[Records drawn from a dataset]
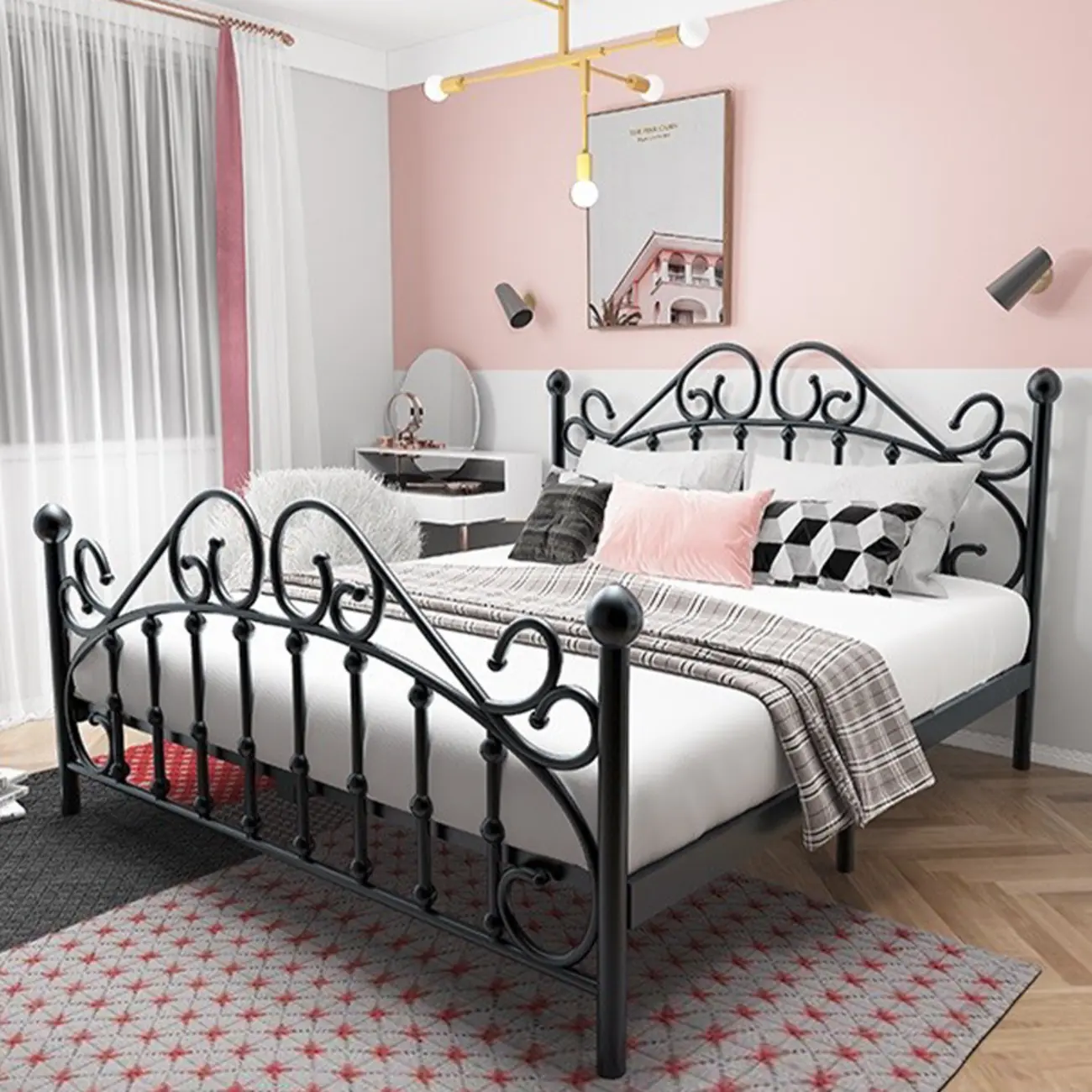 Glam Metal Headboard Platform Bed Frame with Footboard Image - 2 | homeyfad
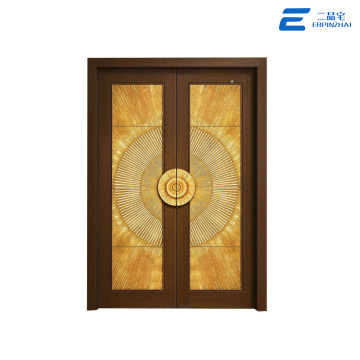 Puerta de seguridad de aluminio fundido de panel completo premium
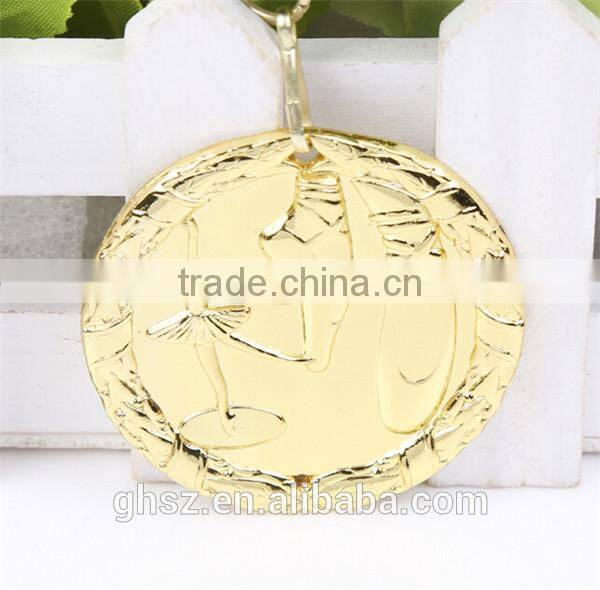 best selling golden zinc alloy ballet medal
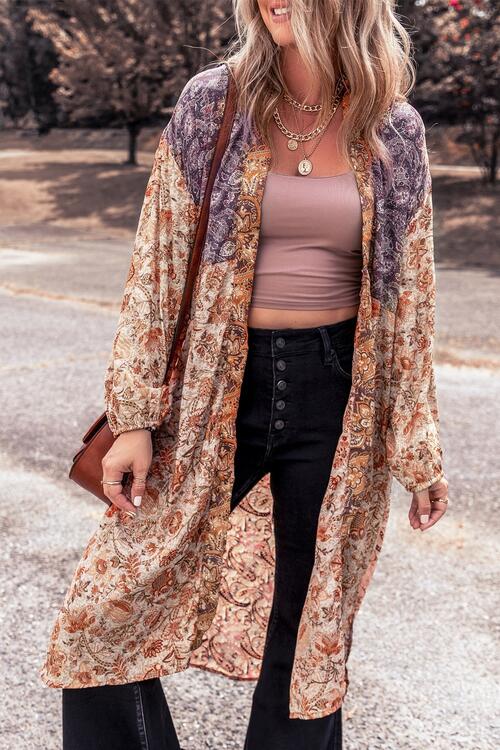 Boho Chic  Floral Tassel Tied Open Front Long Sleeve Cardigan [Spirit and Rebel]   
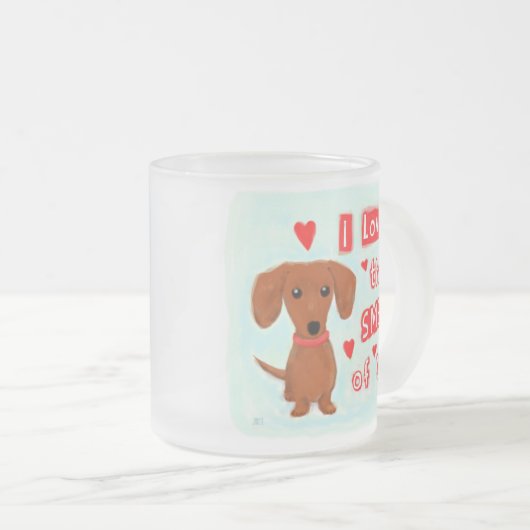 Niedliche Dackel Lieben Ihren Geruch | Witziges Da Mattglastasse (VorderseiteRechts)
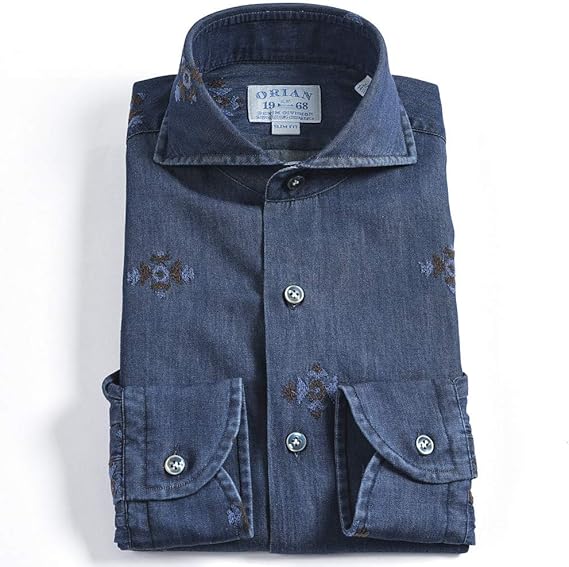 Amazon オリアン Denim Division デニム シャツ ホリゾンタルカラー スリム Slim Fit 長袖 メンズ コットン 綿100 刺繍 インディゴ 44 並行輸入品 シャツ 通販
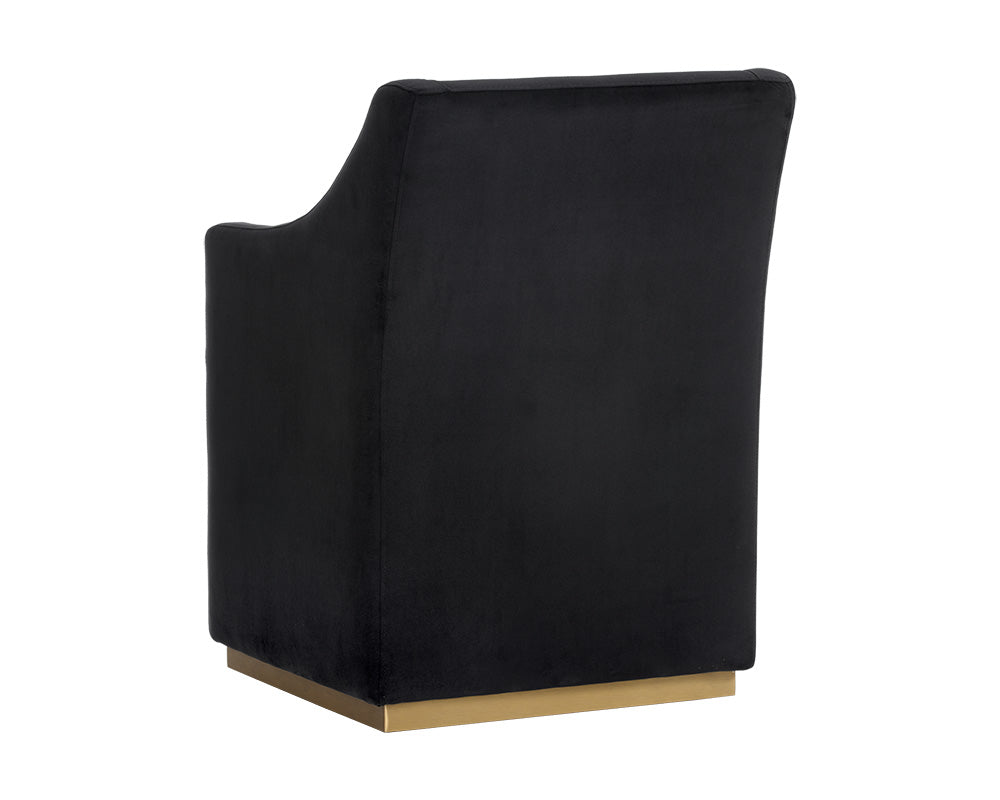 Sunpan Zane Wheeled Lounge Chair in Abbington Black/Piccolo Pebble/Piccolo Prosecco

**WORK TO COMPLETE**
Any pictures are to be skipped, and the lines from the beginning of the entries through the line with "Amazon オリアン Denim" copied exactly.

**ANSWER TO THE PROBLEM**
 Glam Metal Headboard Platform Bed Frame with Footboard Image - 2 | homeyfad
 Puerta de seguridad de aluminio fundido de panel completo premium
 best selling golden zinc alloy ballet medal
 Boho Chic  Floral Tassel Tied Open Front Long Sleeve Cardigan [Spirit and Rebel]   
 Niedliche Dackel Lieben Ihren Geruch | Witziges Da Mattglastasse (VorderseiteRechts)
 Amazon オリアン Denim Division デニム シャツ ホリゾンタルカラー スリム Slim Fit 長袖 メンズ コットン 綿100 刺繍 インディゴ 44 並行輸入品 シャツ 通販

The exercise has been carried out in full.